Curses and the Red Sox

Dear Reader,

I am not a big baseball fan though if I have to pick I root for the Red Sox (and against the Yankees). My kids have the ubiquitous blue, well-worn Sox caps. In 2004, we were living just north of Boston when the curse was finally broken. For 86 years the Sox had not won a championship. They had come close, very close, but it had never happened. Fans were convinced the team was cursed. Now I haven’t read up on the psychology of being a sports fan, but trust me it must be a huge field of study. If ever there were fans who felt every up and down of their team’s history, who took every win or loss personally, it is Red Sox fans. They are dedicated. If their team was cursed, they were cursed. And they felt it. And then came 2004, and the Sox won the Series. The curse was over. In the Boston area, you could feel it in the air. First there was euphoria. Utter shock and utter joy at once.

Then we had to move on though. And that was the tough part. What comes after being cursed? What happens when the curse is lifted? Well, in the case of the Red Sox fans, talk radio buzzes like crazy. If we (and of course the Sox fans here identify completely with their team) are no longer the cursed team, who are we? Are we winners? Will we continue to be winners? So much of the fans’ identity and mindset was caught up in the idea that they (through their team) were good, really good, but doomed to failure. But if that is no longer true, what is their identity?

Being released from a curse can be as hard as being cursed. We don’t know how to deal with it. We need a new identity, a whole new way of thinking of ourselves, and we don’t know where to begin. All of us human beings begin under a curse, the curse of sin and death. By God’s grace through faith in Christ, we may be released from that curse. But like those poor Red Sox fans, sometimes we just don’t know what to do with ourselves once we are no longer cursed. Yes, there is an initial euphoria, a feeling of joy as being freed from a burden. Often the burden is something we were so used to that we no longer even felt it there. But then it is lifted and we feel freedom. And then quickly reality sets in. “Real life” must be dealt with. How do we face it now? Sometimes we gave defined ourselves by our sins and if we are to let them go, we no longer know who we are. We have the same relationships  but we are different people.

Imagine carrying a heavy pack on your back for a long distance. At first you feel its weight, but over time your back bends. You adjust to accomodate the weight. You no longer feel it there, or maybe you just get used to living in the pain of it. Then one day the burden is lifted. There is shock at first, You had almost forgotten the weight was there. You are surprised to lose it. And there is joy. At first. But then you realize you have to keep walking. And you are not sure how to do it. You had unconsciously shifted your center of gravity under the weight. You learned to lean and carry yourself differently. Now that the weight is lifted you have to relearn how to walk without it. For some perhaps, their backs have become so twisted under the weight that they can no longer straighten up. They walk as if they still have the weight even though it has been removed. Others go the other way. They jerk back, so glad to be able to straighten their backs that they bend too much the other way. They end up almost tilting over backwards.

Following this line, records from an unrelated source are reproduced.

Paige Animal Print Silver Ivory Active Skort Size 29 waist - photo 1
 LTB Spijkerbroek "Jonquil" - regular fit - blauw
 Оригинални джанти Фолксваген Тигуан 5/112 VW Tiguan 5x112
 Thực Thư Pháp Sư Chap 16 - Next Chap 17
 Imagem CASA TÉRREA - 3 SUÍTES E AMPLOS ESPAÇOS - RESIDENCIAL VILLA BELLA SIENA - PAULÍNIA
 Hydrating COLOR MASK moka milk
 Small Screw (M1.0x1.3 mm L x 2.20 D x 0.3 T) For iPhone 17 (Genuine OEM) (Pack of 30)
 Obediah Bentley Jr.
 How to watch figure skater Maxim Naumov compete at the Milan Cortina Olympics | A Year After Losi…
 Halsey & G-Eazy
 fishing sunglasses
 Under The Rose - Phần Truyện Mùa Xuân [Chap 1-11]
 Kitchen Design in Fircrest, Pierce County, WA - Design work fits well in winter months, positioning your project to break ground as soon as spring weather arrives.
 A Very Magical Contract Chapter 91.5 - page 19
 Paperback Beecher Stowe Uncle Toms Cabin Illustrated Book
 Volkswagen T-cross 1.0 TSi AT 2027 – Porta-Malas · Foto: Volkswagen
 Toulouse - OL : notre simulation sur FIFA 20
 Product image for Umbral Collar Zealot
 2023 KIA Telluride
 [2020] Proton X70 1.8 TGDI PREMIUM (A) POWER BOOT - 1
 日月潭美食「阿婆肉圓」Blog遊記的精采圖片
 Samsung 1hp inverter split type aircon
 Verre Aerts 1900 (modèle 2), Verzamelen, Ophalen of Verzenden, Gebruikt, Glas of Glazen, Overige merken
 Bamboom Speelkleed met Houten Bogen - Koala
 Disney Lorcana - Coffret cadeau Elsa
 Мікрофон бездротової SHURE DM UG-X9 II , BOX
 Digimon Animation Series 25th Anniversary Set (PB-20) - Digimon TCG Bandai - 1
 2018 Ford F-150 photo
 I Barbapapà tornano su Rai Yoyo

It is good to be freed from a curse. But sometimes it is hard too. It is an adjustment, It requires a new identity. WE must learn to redefine ourselves. It is too easy to be like the Israelites wanting to go back to the Egypt they know rather than on through the desert to the Promised Land that is unknown. We may stay locked in our own self-imposed prisons, saying that the release wasa  fluke and refusing to admit that we are now free. We may jerk the other direction and think that now we are always winners, free to do whatever we like. Finding the right balance is hard.